I once heard someone state that if Moore's Law applied to the auto industry, then your car would get a million miles per gallon by now. However, Moore's Law (more specifically) refers to the increasing number of components of integrated circuits. Applied to the auto industry, it does not mean that your car should be getting a million miles per gallon. In fact, it means that your car should have an engine composed of millions of cylinders with very tiny displacement.
I always applied Moore's Law with a broad brush: the number of circuits on a chip, the speed of the CPU, in short the technological improvements of any technological device.
I picked this up from a google hit of the Portland Business Journal: Years ago, Intel co-founder Gordon Moore put the computer industry's quantum evolution into comparative terms when he declared: "If the automobile industry had advanced as rapidly as the semiconductor industry, a Rolls Royce would get 500,000 miles to the gallon and would be cheaper to throw away than to park." /Jim
Yeah, but what does HE know? :lol: It's sort of sad that while some industries have progressed at alarming rates - to which concepts such as nanotechnology, quantum mechanics, and self-assembling molecules are commonplace - other industries has chosen to reintroduce 'retro' versions of products.

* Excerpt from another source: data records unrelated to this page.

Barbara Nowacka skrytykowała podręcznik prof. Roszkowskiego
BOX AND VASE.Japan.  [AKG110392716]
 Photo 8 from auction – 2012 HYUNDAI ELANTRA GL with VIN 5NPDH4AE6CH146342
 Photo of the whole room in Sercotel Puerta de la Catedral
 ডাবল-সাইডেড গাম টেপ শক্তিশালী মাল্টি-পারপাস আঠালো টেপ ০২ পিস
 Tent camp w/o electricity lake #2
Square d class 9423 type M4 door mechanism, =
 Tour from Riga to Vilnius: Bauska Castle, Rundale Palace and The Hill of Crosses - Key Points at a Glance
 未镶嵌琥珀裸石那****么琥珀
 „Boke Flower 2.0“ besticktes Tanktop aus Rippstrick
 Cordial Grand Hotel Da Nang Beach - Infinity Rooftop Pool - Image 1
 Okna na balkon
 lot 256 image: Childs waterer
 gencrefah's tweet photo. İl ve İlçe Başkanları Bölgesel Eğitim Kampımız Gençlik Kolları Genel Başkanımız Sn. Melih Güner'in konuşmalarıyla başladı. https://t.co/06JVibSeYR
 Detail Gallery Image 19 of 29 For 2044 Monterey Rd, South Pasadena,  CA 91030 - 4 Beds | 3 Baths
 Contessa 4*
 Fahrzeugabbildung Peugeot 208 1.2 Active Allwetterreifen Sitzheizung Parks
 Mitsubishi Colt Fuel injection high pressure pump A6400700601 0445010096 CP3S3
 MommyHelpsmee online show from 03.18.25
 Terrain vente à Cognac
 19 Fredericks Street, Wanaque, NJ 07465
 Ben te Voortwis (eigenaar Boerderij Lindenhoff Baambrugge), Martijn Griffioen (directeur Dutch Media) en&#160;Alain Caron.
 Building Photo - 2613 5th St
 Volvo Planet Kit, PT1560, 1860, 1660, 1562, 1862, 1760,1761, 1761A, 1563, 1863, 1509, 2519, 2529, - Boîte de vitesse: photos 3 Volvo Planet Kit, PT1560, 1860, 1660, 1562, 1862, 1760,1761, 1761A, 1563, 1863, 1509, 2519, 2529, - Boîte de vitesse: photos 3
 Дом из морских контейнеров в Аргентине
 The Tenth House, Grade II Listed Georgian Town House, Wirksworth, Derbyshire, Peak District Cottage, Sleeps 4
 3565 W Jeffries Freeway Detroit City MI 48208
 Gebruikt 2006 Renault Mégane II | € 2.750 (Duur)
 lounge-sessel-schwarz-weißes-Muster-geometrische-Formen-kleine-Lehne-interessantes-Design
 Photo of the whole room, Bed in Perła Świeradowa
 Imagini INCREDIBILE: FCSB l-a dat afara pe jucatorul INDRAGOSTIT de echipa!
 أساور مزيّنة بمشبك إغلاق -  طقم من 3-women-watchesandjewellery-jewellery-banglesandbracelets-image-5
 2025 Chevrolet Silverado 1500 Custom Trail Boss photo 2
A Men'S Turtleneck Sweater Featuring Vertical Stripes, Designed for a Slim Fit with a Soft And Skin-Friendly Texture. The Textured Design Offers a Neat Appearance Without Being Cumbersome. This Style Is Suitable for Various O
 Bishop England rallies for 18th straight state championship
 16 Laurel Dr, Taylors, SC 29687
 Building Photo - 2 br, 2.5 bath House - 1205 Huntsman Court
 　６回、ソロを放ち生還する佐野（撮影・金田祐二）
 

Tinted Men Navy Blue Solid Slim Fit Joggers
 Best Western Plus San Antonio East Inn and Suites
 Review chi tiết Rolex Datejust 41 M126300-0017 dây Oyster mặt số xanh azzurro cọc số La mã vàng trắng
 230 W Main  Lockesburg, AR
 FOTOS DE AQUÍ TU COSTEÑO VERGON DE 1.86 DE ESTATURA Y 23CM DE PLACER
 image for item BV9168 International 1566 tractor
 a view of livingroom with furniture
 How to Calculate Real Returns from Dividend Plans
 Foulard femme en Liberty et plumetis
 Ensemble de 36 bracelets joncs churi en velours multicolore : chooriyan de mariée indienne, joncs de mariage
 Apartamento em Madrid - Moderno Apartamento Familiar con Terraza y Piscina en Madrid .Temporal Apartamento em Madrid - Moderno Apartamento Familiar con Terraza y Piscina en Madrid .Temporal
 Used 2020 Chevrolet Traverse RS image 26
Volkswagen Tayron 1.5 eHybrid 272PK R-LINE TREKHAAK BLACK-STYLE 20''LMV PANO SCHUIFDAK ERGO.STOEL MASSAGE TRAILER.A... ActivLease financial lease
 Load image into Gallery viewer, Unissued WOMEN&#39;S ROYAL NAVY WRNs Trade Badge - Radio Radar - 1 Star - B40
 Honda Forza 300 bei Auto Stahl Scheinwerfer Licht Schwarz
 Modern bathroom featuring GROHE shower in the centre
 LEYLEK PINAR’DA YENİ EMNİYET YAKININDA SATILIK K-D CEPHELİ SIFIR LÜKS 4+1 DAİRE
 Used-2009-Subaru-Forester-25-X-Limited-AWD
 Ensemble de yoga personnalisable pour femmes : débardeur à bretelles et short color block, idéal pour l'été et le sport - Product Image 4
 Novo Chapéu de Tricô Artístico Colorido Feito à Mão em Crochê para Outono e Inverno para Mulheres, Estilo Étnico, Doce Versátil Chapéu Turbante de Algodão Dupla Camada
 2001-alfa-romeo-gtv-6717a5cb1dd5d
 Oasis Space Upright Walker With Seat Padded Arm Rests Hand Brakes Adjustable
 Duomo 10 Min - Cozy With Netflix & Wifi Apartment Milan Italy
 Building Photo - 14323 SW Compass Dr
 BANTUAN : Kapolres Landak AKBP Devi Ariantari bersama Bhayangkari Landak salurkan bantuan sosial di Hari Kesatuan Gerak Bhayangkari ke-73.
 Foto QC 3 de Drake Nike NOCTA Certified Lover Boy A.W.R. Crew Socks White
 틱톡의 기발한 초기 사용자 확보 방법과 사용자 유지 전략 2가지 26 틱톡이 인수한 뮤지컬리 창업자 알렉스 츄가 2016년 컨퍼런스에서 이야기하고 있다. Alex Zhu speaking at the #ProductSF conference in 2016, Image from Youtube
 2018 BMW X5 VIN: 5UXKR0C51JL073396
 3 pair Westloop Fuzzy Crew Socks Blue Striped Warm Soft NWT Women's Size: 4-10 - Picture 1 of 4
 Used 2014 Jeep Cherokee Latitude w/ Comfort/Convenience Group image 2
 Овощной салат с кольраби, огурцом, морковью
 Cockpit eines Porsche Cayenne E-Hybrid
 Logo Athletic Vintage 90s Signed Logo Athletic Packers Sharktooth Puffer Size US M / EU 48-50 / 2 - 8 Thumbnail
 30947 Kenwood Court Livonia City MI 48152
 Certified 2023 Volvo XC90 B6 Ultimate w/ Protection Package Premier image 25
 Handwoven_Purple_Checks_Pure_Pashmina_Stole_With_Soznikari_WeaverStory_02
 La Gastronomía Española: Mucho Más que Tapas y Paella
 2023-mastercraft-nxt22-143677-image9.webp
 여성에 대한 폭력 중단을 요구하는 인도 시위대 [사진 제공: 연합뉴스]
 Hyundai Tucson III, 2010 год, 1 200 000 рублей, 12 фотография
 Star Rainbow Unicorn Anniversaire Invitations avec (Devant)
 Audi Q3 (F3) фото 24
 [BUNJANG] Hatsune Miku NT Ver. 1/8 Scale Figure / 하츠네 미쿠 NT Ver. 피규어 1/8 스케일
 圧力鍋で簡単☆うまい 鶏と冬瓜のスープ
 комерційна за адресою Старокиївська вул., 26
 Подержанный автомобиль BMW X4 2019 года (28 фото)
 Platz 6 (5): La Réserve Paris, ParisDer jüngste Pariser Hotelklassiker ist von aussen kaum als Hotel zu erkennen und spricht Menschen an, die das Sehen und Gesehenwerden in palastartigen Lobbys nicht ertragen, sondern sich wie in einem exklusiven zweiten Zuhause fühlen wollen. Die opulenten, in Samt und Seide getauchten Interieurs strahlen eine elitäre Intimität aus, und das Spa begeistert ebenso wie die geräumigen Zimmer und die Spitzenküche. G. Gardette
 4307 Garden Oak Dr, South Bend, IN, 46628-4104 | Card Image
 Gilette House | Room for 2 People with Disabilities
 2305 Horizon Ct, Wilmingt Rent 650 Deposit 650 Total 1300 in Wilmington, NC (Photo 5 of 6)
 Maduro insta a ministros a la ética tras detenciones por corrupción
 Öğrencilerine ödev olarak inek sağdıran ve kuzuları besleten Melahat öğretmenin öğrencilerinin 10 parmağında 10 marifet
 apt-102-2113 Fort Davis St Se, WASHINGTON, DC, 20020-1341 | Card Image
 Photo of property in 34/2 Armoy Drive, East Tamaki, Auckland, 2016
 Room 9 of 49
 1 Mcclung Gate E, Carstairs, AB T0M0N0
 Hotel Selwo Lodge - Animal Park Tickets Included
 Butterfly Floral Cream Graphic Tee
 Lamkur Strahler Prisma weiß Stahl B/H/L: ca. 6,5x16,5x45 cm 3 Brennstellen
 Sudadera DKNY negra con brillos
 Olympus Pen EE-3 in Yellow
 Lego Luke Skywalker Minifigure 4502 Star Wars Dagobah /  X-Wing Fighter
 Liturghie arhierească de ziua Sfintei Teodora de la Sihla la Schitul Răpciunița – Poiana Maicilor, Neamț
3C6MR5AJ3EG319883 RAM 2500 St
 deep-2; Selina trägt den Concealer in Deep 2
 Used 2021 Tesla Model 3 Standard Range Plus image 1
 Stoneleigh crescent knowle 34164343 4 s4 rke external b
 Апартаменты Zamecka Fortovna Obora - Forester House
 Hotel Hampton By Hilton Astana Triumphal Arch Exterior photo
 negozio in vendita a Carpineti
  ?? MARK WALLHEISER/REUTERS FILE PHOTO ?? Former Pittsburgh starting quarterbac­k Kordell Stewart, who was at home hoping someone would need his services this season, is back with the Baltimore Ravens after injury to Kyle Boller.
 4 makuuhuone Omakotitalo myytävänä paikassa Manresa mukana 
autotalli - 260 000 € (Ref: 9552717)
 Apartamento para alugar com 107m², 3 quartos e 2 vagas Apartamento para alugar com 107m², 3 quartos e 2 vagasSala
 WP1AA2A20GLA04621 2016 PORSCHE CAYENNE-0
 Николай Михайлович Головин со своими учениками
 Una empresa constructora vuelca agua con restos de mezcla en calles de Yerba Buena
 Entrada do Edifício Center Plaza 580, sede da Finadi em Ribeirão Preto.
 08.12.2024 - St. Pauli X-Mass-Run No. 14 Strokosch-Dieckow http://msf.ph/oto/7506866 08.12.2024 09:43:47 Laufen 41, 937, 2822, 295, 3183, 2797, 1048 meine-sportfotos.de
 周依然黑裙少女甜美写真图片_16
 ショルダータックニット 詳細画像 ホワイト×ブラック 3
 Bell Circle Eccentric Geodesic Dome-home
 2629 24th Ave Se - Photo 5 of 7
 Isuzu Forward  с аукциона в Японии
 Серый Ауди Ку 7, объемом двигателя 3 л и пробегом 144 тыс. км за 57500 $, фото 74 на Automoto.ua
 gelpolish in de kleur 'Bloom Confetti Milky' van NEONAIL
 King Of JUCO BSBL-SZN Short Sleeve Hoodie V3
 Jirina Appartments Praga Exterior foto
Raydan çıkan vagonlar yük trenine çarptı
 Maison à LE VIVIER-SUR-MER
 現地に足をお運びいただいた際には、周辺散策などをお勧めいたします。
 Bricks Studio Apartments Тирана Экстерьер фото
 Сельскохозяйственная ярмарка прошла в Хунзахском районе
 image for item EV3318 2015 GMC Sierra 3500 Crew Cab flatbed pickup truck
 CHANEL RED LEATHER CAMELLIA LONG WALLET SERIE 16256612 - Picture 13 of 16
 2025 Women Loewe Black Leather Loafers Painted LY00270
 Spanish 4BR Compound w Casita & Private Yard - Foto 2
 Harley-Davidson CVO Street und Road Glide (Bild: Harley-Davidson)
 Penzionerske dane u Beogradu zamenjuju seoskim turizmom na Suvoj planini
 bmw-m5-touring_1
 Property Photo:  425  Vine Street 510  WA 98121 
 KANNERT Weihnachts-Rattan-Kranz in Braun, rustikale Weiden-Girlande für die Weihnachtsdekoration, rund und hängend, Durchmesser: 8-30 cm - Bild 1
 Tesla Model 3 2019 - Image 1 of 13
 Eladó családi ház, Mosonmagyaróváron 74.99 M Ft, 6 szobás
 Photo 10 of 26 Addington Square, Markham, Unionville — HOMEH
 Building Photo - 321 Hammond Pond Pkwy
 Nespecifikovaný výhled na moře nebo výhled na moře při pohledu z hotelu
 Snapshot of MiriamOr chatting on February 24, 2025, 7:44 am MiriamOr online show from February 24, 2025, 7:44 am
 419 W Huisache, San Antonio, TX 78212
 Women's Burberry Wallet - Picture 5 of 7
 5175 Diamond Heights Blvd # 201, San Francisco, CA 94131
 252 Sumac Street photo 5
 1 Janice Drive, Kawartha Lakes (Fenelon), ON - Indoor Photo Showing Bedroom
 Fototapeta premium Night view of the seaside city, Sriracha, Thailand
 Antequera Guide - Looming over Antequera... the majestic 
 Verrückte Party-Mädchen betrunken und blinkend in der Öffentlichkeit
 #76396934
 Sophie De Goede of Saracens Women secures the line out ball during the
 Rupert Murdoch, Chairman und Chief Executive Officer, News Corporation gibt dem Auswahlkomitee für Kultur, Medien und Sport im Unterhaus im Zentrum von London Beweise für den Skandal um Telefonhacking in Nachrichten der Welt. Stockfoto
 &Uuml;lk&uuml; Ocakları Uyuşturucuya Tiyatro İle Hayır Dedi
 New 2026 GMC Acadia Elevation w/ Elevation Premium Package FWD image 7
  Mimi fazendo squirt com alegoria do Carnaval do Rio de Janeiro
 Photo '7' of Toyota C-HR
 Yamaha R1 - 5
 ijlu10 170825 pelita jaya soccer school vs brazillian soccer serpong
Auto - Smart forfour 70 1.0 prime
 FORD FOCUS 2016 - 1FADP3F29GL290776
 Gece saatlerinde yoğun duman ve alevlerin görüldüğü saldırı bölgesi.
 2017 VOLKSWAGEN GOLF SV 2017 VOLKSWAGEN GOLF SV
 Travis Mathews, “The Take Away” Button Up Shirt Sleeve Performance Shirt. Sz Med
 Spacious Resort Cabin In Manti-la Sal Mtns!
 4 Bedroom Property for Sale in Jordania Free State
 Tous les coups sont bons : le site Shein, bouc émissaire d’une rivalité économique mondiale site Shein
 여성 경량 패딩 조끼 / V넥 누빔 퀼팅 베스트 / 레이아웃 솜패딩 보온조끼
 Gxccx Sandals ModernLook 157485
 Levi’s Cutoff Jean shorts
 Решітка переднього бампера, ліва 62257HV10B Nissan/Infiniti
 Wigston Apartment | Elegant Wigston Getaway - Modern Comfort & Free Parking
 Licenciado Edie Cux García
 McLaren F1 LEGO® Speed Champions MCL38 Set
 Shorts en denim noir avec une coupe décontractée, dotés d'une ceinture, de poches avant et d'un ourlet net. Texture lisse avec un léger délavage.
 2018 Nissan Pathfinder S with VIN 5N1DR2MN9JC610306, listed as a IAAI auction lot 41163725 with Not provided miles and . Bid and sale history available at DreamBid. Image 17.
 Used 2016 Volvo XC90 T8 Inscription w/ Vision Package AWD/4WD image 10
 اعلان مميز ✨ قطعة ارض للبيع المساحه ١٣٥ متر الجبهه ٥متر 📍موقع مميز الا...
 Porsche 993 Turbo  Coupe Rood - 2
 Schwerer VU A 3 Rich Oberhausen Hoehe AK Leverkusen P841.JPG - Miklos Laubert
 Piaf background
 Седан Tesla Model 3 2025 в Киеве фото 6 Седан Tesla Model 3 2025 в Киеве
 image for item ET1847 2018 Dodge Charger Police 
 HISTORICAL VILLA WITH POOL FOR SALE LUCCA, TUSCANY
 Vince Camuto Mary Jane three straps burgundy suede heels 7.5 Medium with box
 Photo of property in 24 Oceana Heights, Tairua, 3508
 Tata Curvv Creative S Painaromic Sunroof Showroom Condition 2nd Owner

Actually, it would get much better mileage. He forgot about the reduction in size. The problem is that the Rolls would fit in your pocket and the question would be miles per shoe! :lol:
when considering scale, its obvious that automobiles could never progress at the same rate as computers. and what is to say that they have not?? do you really think that computers would have been as fast and as popular if someone died every time they crashed?? cars have progressed EONS...its just that their progress is measured in so many different and MUCH MORE valuable ways. processors are only measured by speed and nothing else. just because they are 1000 times faster, does that mean they are 1000 times more efficient?? we all know the answer to that one. besides Moore's law stated that the number of transistors will double every 18-24 months while the cost of its production would be halved.
Moore's law has slowed down quite a lot (50% according to some). IC design and fabrication is hitting a wall. 65nm (transistor gate size, 'nm'= 1e-9 meter) is a challenge. No one know what problems lie ahead at 45nm. 45nm may be the end of Moore's law w/o major breakthru. Your newest Pantium was fabricated with 90nm. 65nm is used in most advanced DRAM today. The next Intel CPU will be fab-ed in 65nm. This year (2006), some advanced DRAM will use 45nm.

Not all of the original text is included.